Night Mode is sneakily hidden in the System UI, you can find it by swiping down the quick settings menu and long pressing the settings button in the top right. Your phone will congratulate you, saying you’ve unlocked the System UI Tuner.

Tap into System UI Tuner and you will find a feature Google omitted from the Android M preview, and that was even more sneakily hidden. Night Mode is a feature we hope won’t get curved to the side this time. It most likely won’t, seeing as it appeared last year, but more so because iOS 9.3 introduced night mode just recently. Turning on night mode applies a brownish tint, much like a pair of sunglasses, on your screen to save you from that bright and powerful QHD display. It can also be set to turn on automatically, depending on the time zone you’re in. We’re assuming it’s supposed to be on at sunset, but it’s quite finicky and forget its cue. Night Mode was by far the buggiest feature out of the bunch, at the time of writing we can’t seem to get out of it…

Doze Mode

A sleeper hit from Android Marshmallow, Google’s sneaky way to make your device save a lot more energy. The best way to describe it is: a deep standby mode. Android N evolves Doze Mode by enabling it to thoroughly limit background tasks when in standby mode. Doze Mode had some criticism, with some users complaining it doesn’t really work. This is due to deteriorating battery life as a device ages, so the average person wouldn’t really notice Doze Mode in action. We found Doze Mode to be a lot more effective in Android N, extended battery life is always a winner and you can be sure to expect this revamp to make it into the final version of Android N.
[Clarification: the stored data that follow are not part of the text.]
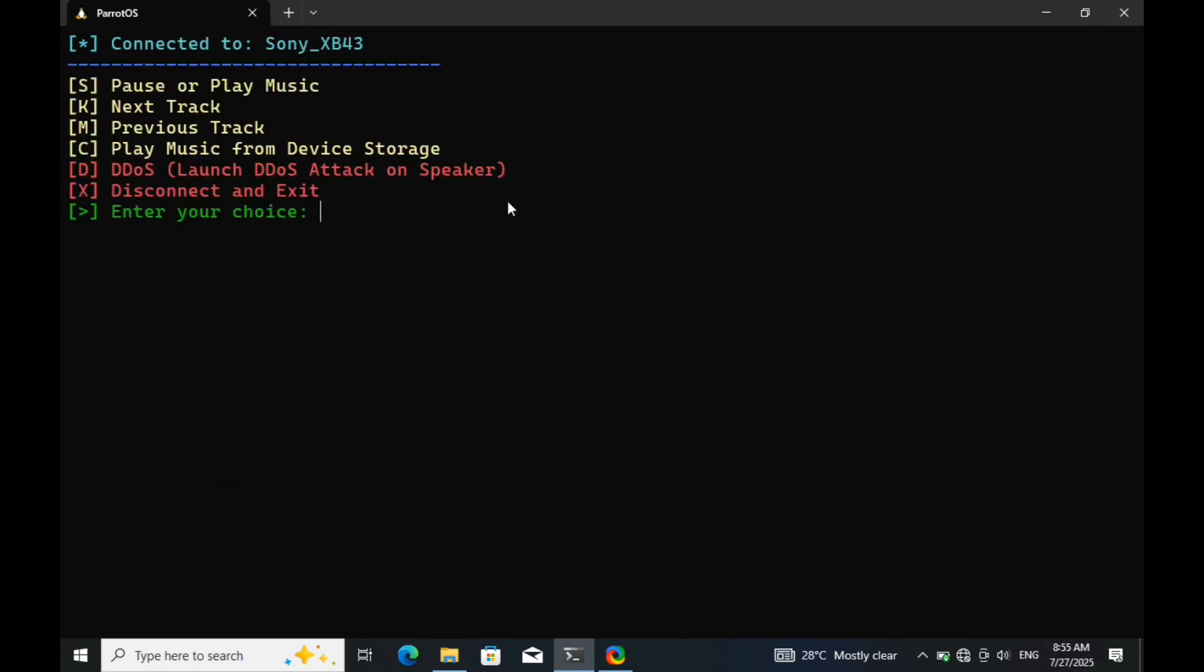All right, we've reached the final stage. Here, the tool gives us several options. We can choose to play or pause the current music, skip to the next or previous track, or in the worst-case scenario, launch a denial-of-service attack that completely disables the speaker. Now, attacks like this are very real, and they often succeed due to weak or outdated Bluetooth security protocols. Let me break it down for you.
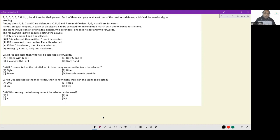A, B, C, D, E, F, G, H, I, J, and K are football players. Each can play in at least one of: defense, midfield, forward, and goalkeeper. A, B, C, K are defenders; C, D, E, F are midfielders; F, G, H, I are forwards; J and K are goalkeepers. A team of six players is to be selected with the restriction: one goalkeeper, two defenders, one midfielder, and two forwards.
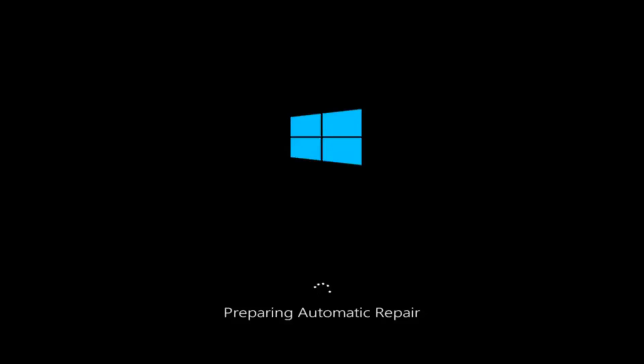Hello everyone, how are you doing? This is MD Tech here with another quick tutorial. Today I'm going to be going over how to hopefully resolve some startup issues you might be having in Windows 10 specifically.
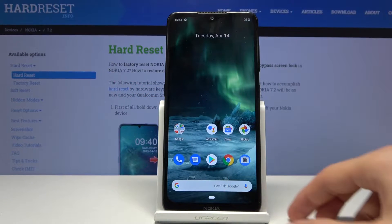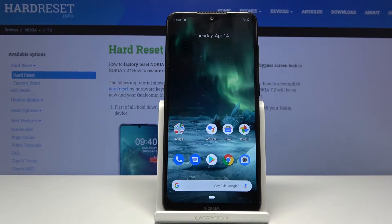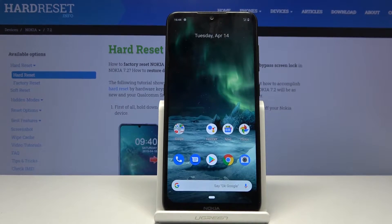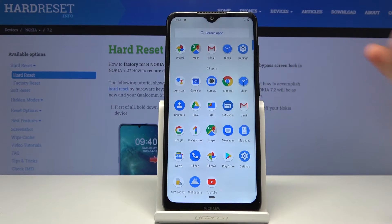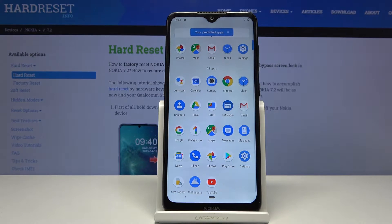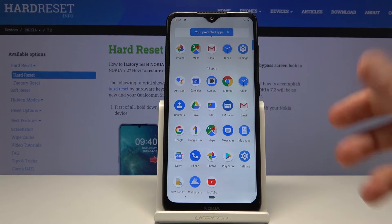Welcome, everyone. This is a Nokia 7.2 and today I'll show you how to capture a screenshot on the device. To get started, you want to open up the content that you wish to capture — I'm going to use the app tray right here — and once it's open and visible on the screen, all you really need to do is...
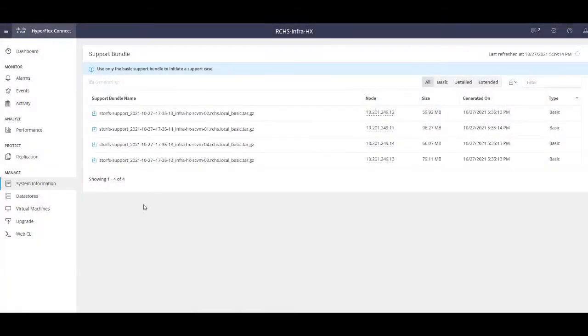Once the tech support files have been completed, you will then click on the Download icon on the left.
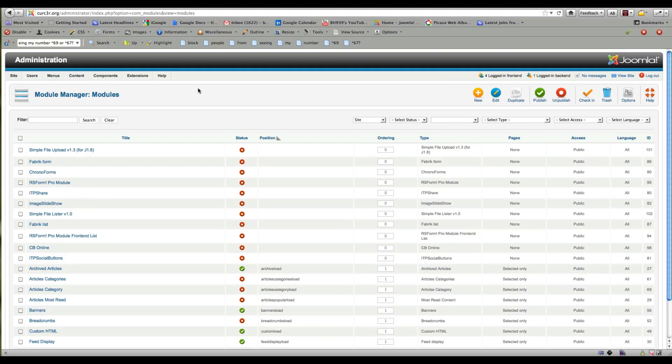Hello, this is Bob Hollis with the Mobius Network. Today I'm going to show you how to get around a quirky thing in Joomla, where Joomla really likes to have things on a menu. If you create a freestanding article and you don't have a menu link to get to it, it can be difficult to figure out how to add those links to an article.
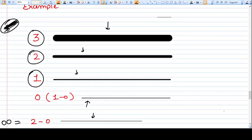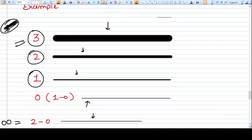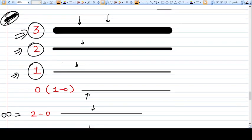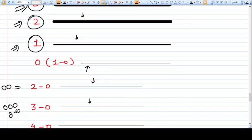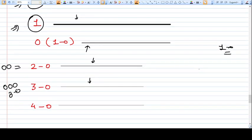Here is an example. Number three suture may look like this. Number two suture is thinner and may look like this. Number one suture may look like this. Now zero number suture may look like this — and zero is also called one-zero. Further, two-zero, three-zero, and four-zero will be more and more thinner.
Doze Mode 2.0 is basically Batman, always in the dark, rescuing you without you realising. Doze Mode 2.0 is the hero you deserve, but not the one you get right now.
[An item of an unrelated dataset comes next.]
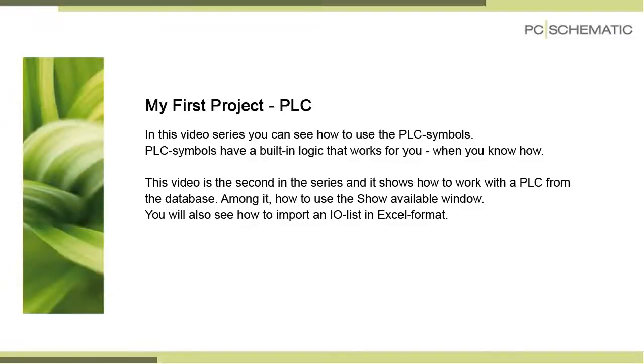This is the second video about PLCs. In this video you can see how to work with a PLC that you pick from the database and how to import an I/O list.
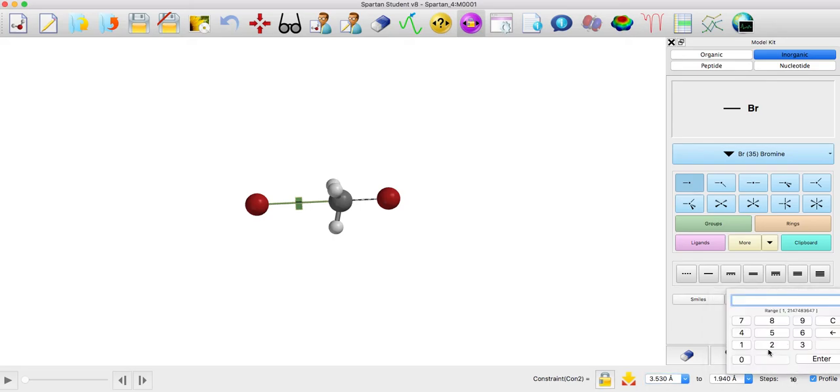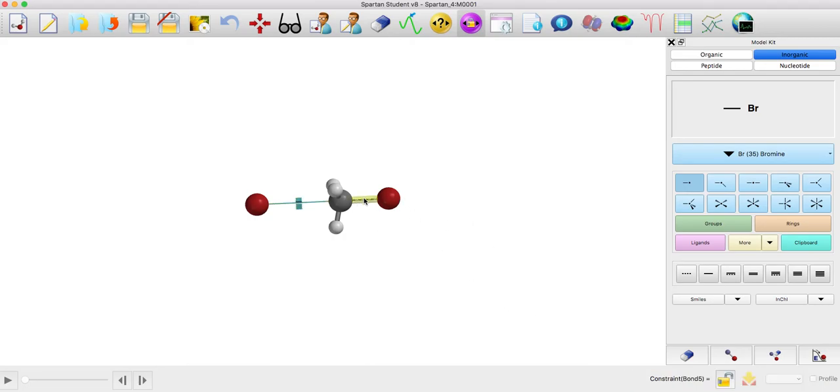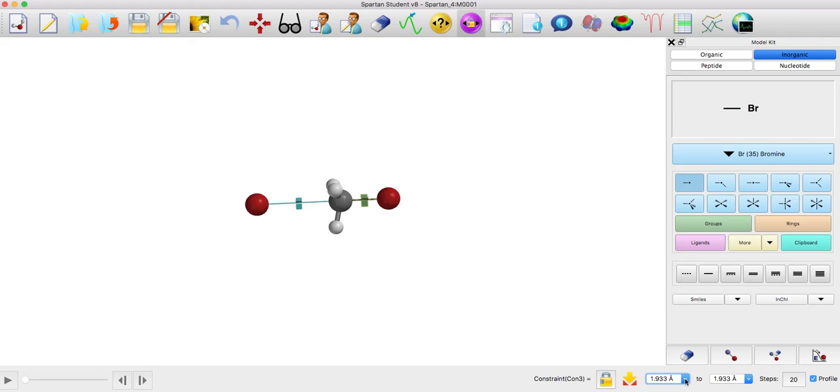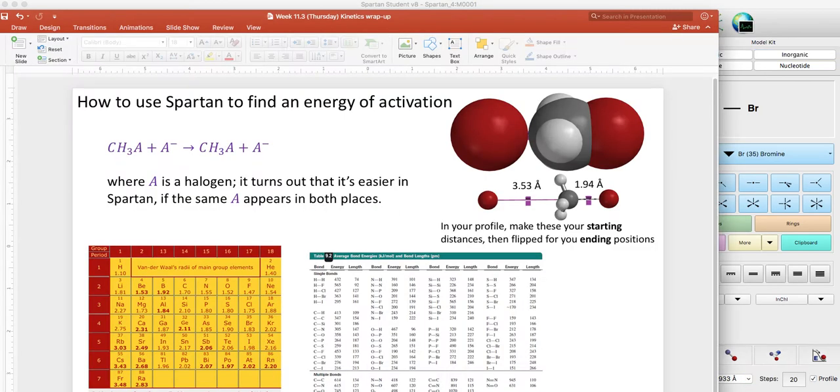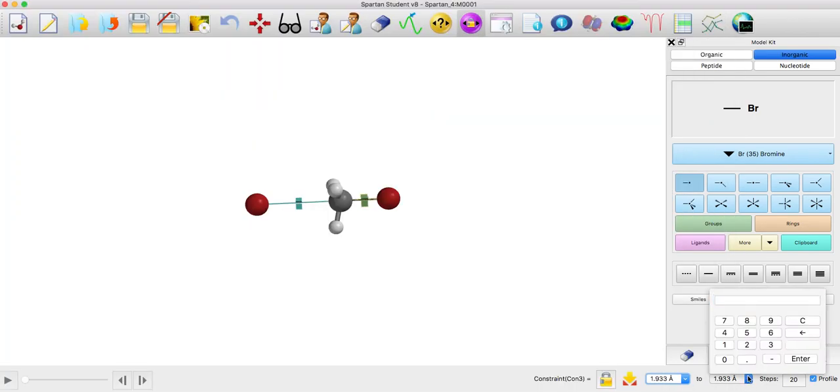Okay, and we can do steps of 10, or you could do steps of 20 if you like. And there will be another distance that I want to constrain here, which is I'm going to click on that bond—you can do that too—and now I want to go from a profile 1.93 up to our final distance which was 3.53, so up to 3.53.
Last but definitely not the least, probably my favourite Android N feature. With Android N you’re able to switch between apps with a double tap of the multi-tasking button. It made it a lot easier to copy and paste something with no delay before you forget what you were about to do! Opening up the multi-tasking menu has been optimised with your most recent app being dragged all the way to the bottom of the screen, making it a more streamlined experience when you want to scroll through previous apps. Strangely jumping through different apps did not crash my 6P at all, Google seemed to have really worked out the kink before they unleashed this developer’s preview. Android N, Android Nougat or whatever they’re going to call it, will be a welcomed upgrade.